Prior to his arrest, Simmons was employed as an information technology auditor and was working on contract in Seattle. His attorney, Yohannes Sium, said in court papers that Simmons was earning $90 an hour for his work when he was arrested. Simmons claimed he was simply waiting for a bus near the corner of Northeast 45th Street and 11th Avenue Northeast when Schrimpsher accosted him.
Charged with assaulting a police officer and dealing cocaine, Simmons was convicted of the second offense and, on Sept. 21, 2007, sentenced to a year in prison. By then, he’d served more than six months in King County Jail.
Schrimpsher was fired two months later after then-King County Sheriff Sue Rahr found he and his partner lied about another University District drug arrest. At the time, a Sheriff’s Office spokesman – John Urquhart, who has since been elected sheriff – remarked that “if you lie, cheat or steal, you’re gonna get fired.
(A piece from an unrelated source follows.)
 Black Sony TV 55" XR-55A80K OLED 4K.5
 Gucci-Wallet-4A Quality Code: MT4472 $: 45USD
Speaking by phone Thursday, Schrimpsher denied any wrongdoing in that arrest or any other. He said he was fired for violating the King County Sheriff’s Office dishonesty policy when asked about an internal investigation.
“To be honest with you, I’m better off,” Schrimpsher said from his Algona office.  “I’ve moved on. I’m in a happier place.”
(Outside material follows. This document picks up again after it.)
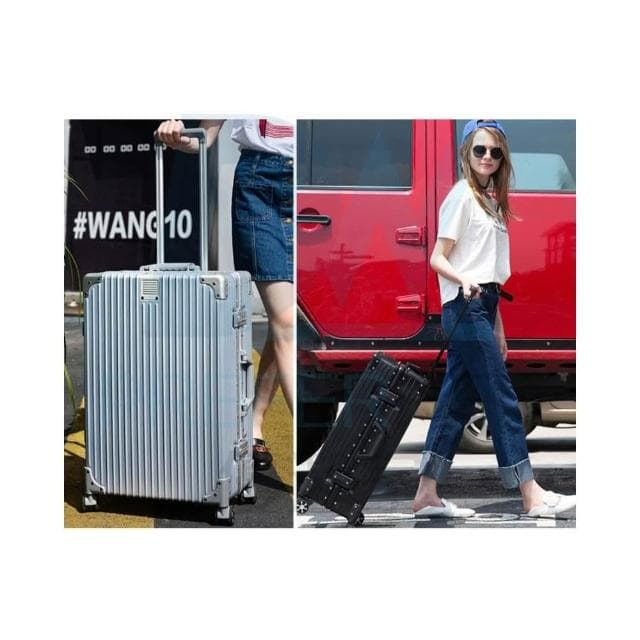 DW 優選家 鋁框箱 2025全新升級 鋁框行李箱 29吋 復古行李箱 登機行李箱 20吋 行李箱 登機箱 旅行箱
Having served his time and probation, Simmons sued in December 2009, asking that his conviction be overturned, in part because his attorney wasn’t told of Schrimpsher’s history of dishonesty. Through the appeal, attorney Christopher Morales faulted the prosecution for failing to tell Simmons’ public defender the deputy was under investigation for lying.
“Without the information from the sheriff’s office, Mr. Simmons was reduced to asserting his word, the word of a criminal defendant, against an officer of the law,” Morales said in the 2009 action. “Had the jury been informed that the King County Sheriff’s Office also had reason to doubt Deputy Schrimpsher’s truthfulness, the case would have gone differently.”
In the most recent lawsuit, Sium said Schrimpsher was working as an evidence supervisor in Phelps County, Mo., in 2003 when it was discovered that evidence was missing in hundreds of investigations there. Schrimpsher said he left the department in 2001. 
Then a detective with the Phelps County Sheriff’s Department, Schrimpsher was alleged to have miraculously recovered evidence – a small baggie of cocaine – the day before a trial after the drugs had gone missing for nearly four years, Sium said in court papers.
Schrimpsher said his name was simply mentioned in an court case filed in Missouri, and that he was not accused of any wrongdoing related to the evidence handling. The detective said he left that department in good standing before going to work for a federal law enforcement agency.
Writing the court in 2009, Simmons said he had been searching for work without success since he was released from prison. Most employers would not consider him, or fired him after learning of his criminal conviction.
The King County Prosecutor’s Office did not admit fault but declined to fight the request for dismissal “in the interest of justice.” Superior Court Judge Greg Canova dismissed the case with prejudice in January 2010.
While the conviction has been vacated, the charges are still publicly accessible and the case has not been sealed. In statements to the court, Simmons said the mere existence of the charges – dismissed or not – has prevented him from obtaining work or stable housing.
“I can no longer utilize my skillset … to support myself any longer, and now find myself being reduced to having to sleep in the shelters and the streets of the city of Seattle,” Simmons said in court papers.

Simmons has asked to be paid in accordance with the new law, which would see him compensated for his time in prison and on probation. The state Attorney General’s Office has not yet responded to the lawsuit, which was filed late last month in King County Superior Court.